My friend has gone on to say: “e.g. people often tell me they were intimidated by me at first despite also saying that I have a friendly expression, or assuming that I spend a lot of money.”
Yep, the fact that all himekaji gals have a lot of money is a biiiig stereotype, and my friend Cheerie is not the first person I’ve heard who has received comments like this. I would say that it is a huge lie but to be honest… Liz Lisa is super expensive (brand new, that is) so it’s no wonder that we have that misconception. But regardless of whether or not himekaji is expensive – it’s none of their business what you spend your money on!
Another good ol’ stereotype that we used to have (and probably still do) is that we’re really sweet and kind… Or absolute bitches behind people’s back haha.
But whatever, I don’t really care what strangers think. So I’d pay them no mind!
Is there a himekaji personality like there is a gyaru personality?
This is kinda’ linked to my previous point but himekaji gals are often sweeter and cuter and not as wild as the other gyaru counterparts. I guess himekaji gals are very similar to hime gyaru in that sense and it’s probably to do with the princess-like appearance. But, again, that might just be a stereotype.
Who was the first gyaru to create this style?
I can’t say for sure who was the first gyaru, but models such as Okarie, Kumicky and Yui Kanno (who wore a lot of Liz Lisa) definitely made it popular. They were featured heavily in Popteen in 2007-2010 onwards, as well as other magazines such as Skawaii. Liz Lisa as a brand definitely boosted sales, and it’s one of the very few gyaru brands that still exists today (as looking cute is a huge thing over in Japan).
Any himekaji bedroom ideas?
Go for things like cute florals and general cutesy girly vibes! Liz Lisa have done a couple of bedroom ideas and I would also recommend looking up Romantic Princess (roma_pri on insta). Just think: what would a princess’ room look like? And do that!
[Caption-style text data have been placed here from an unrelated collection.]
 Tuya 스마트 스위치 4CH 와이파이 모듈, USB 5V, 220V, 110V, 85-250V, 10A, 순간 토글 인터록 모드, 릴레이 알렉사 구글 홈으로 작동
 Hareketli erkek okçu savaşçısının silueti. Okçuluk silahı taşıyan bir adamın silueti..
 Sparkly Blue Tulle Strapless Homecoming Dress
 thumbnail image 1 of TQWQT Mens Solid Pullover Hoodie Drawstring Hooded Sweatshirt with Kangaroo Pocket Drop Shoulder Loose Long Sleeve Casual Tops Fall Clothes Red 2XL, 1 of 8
Other than old magazine scans, where do you find inspiration?
Blog posts! I spend a lot of time scrolling through Liz Lisa blogs and other gyaru blogs for inspiration. Sadly there aren’t many active ones anymore so I tend to spend hours just trawling through google to look for pictures haha.
What are the best hair colours for himekaji?
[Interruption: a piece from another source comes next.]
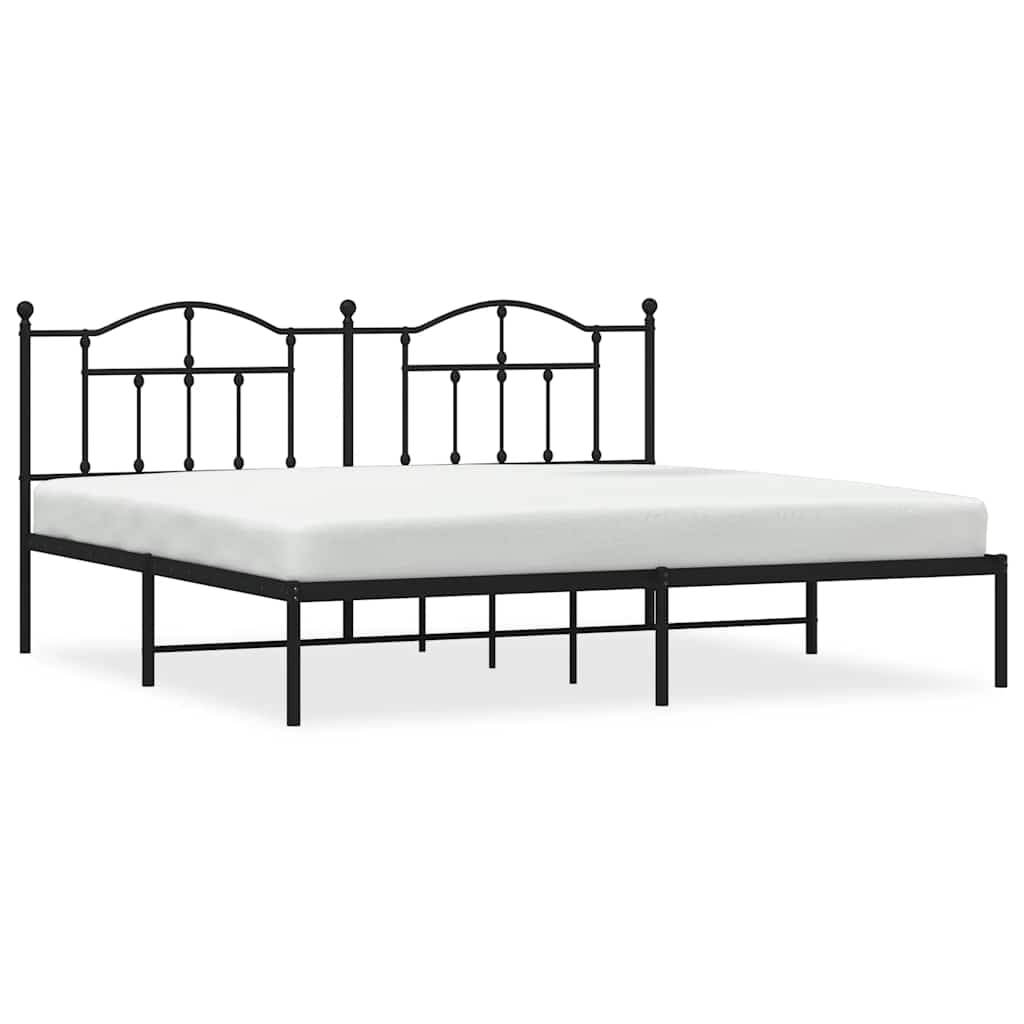 Bed Frame Black Powder-Coated Steel Double Bed Frame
Lighter colours such as caramel blondes and light browns! Obviously you can rock it with darker hair colours (I mean… I’m a dark brunette… So….) but lighter colours would just look better.
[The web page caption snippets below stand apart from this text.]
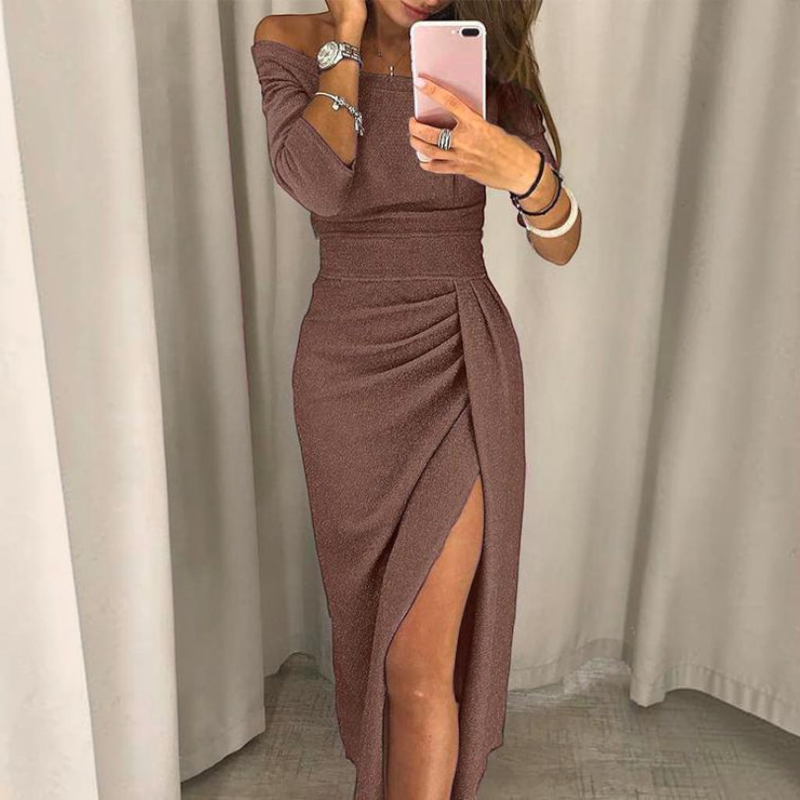 Women’s Off Shoulder Ruched Midi Dress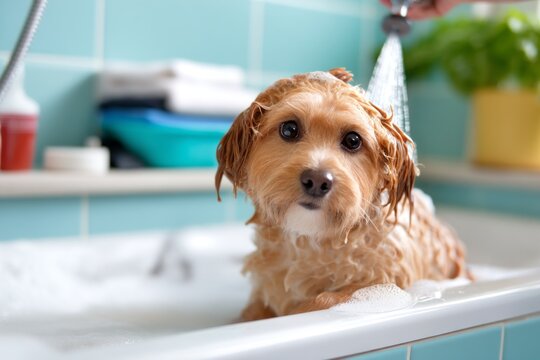 Gentle Dog Wash at Veterinary Grooming Station with Happy Pet Enjoying Bathing Experience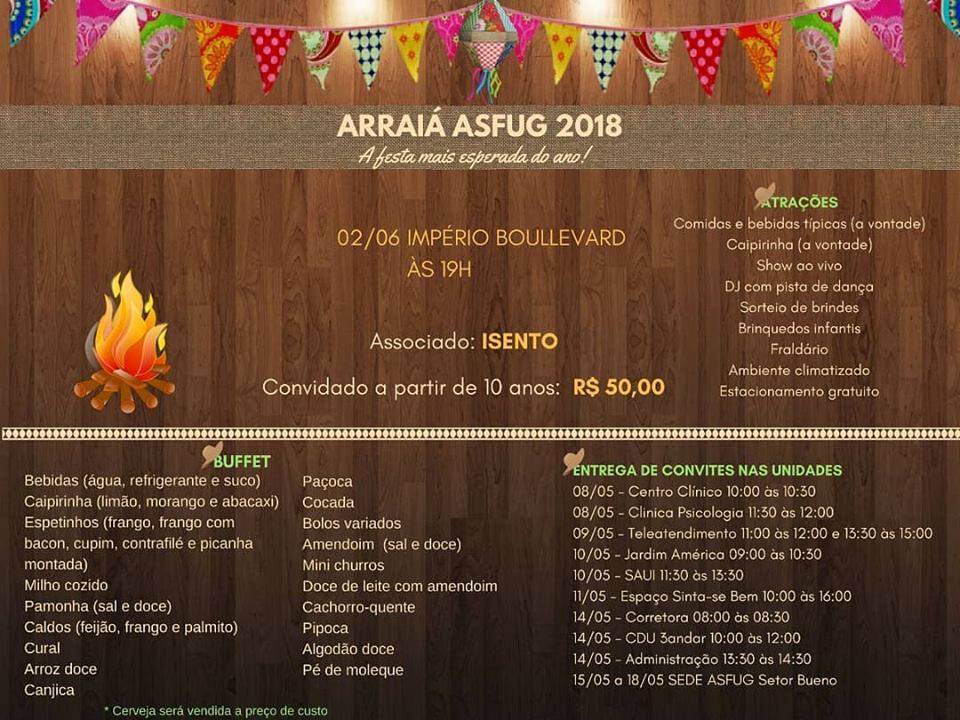 Arraiá Asfug 2018 | Foto: Divulgação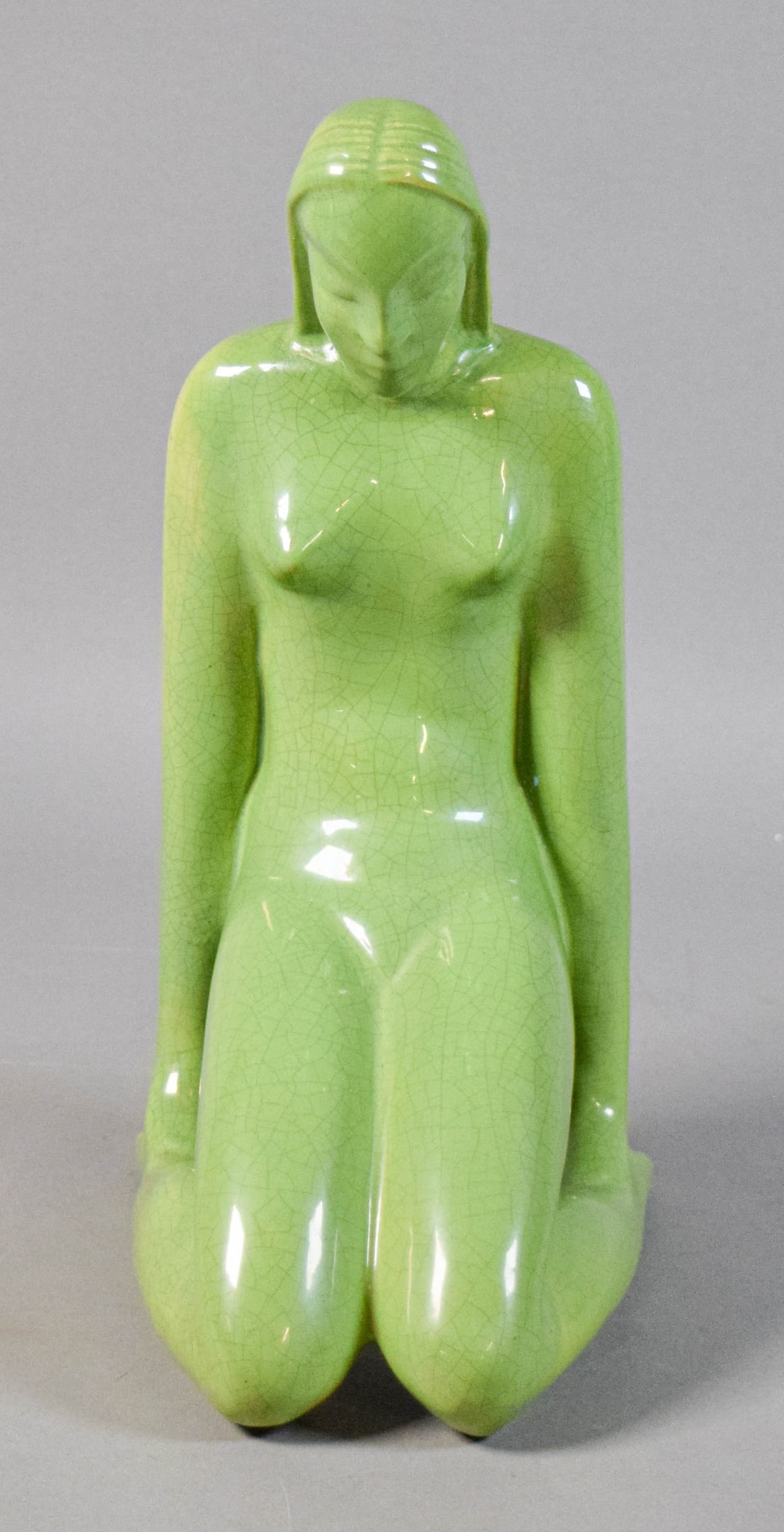 Geza Gorka Pottery Figure Kneeling Woman: Geza Gorka pottery figure, Frankart style kneeling woman. Marked on the underside and signed on one leg. 13 7/8"H.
How do you make wearing heels comfortable all day long?
I’ll be honest… I don’t really wear heels unless it’s for photos haha, and I think the same applies to a lot of people (not just himekaji!) I know that in the influencer world, most people would take photos in their heels and then immediately swap to flat shoes.
But I guess that answer really isn’t that helpful, so I would recommend going for more platform styles and go for a softer, maybe even padded, insole. I would also recommend going for shoes that have quite a tall platform in the front so that there’s less of a height difference between that and the heel. Also, it is a lot easier to walk in heels with a thicker, well, heel than a thin stiletto. (gosh that was a lot of “heels”…)
What tips would you give to a beginner?
DO YOUR RESEARCH. Honestly, Pinterest is my best friend, and I loooove saving lots and lots of himekaji inspo! The more inspiration you have, the better. If it helps, copy outfits until you get the general idea of the himekaji aesthetic. I would also suggest not to jump straight into brand but to instead try to imitate looks using local brands… Only buy brand when you’re definitely set on himekaji. Because you don’t want to buy a lot of stuff only to lost interest 6 months later!
And there we have it!
I have to admit… I am pretty exhausted after that tehe, but I hope it answers all of your questions! Please let me know if there’s anything else you’re stuck on.